Held at the unique Bedford Autodrome - designed from scratch by former F1 driver Jonathan Palmer and tucked away in the Bedfordshire countryside near Thurleigh - The Circuit saw the celebs competing against each other to raise money for the NSPCC.

First held in 2009 by NSPCC Sports Board members Nick Mason (Pink Floyd’s drummer) and Paul Richardson from Barclay’s Wealth with the support of former F1 driver Mark Blundell, the event raised almost £100,000.

Six teams, led by celebrity captains including former English rugby union player Austin Healey, Carol Smillie, former F1 driver Tiff Needell and Eddie ‘the Eagle’ Edwards, battled it out on the track. They got behind the wheel of a number of top range cars such as the Caterham 7 Superlight and Ariel Atom.

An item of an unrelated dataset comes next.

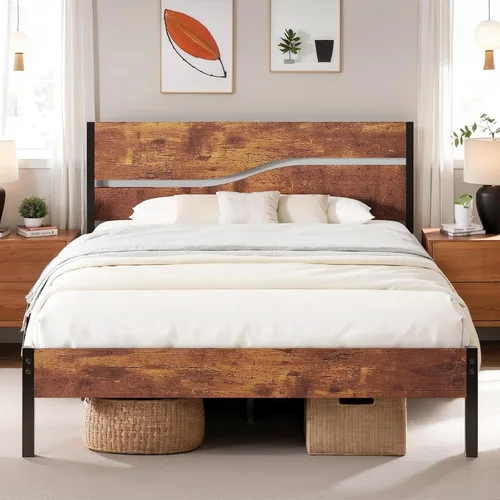 Vista 10 de VECELO Base de cama tamaño individual, plataforma de metal resistente con cabecera de madera, no necesita somier, color marrón antiguo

Falkands war veteran Simon Weston OBE was one of the captains. He said: “It’s been amazing and I think it’s something everybody should try once. And it’s for such a wonderful cause.”

Throughout the day, guests were also invited to bid on a range of exclusive auction lots, including high octane super-rides in a two-seater McLaren MP4-12C with professional racing drivers Rob Huff, Tiff Needell and Tim Mullen which prompted heated bidding and eventually fetched almost £5,000.

Speaking about the event, former F1 driver Mark Blundell, said: “There was a lot of friendly rivalry out there on the track with professional racing drivers taking on celebrities and guests in a race to be crowned champions of The Circuit 2013.”

And fresh from winning Splash, British skier Eddie ‘The Eagle’ Edwards, who lived in Bedford following the 1988 Winter Olympics, was hoping for victory but admitted he spent more time ‘facing the other way’.

All funds raised from the event will help the NSPCC to protect vulnerable children through its projects and services including ChildLine.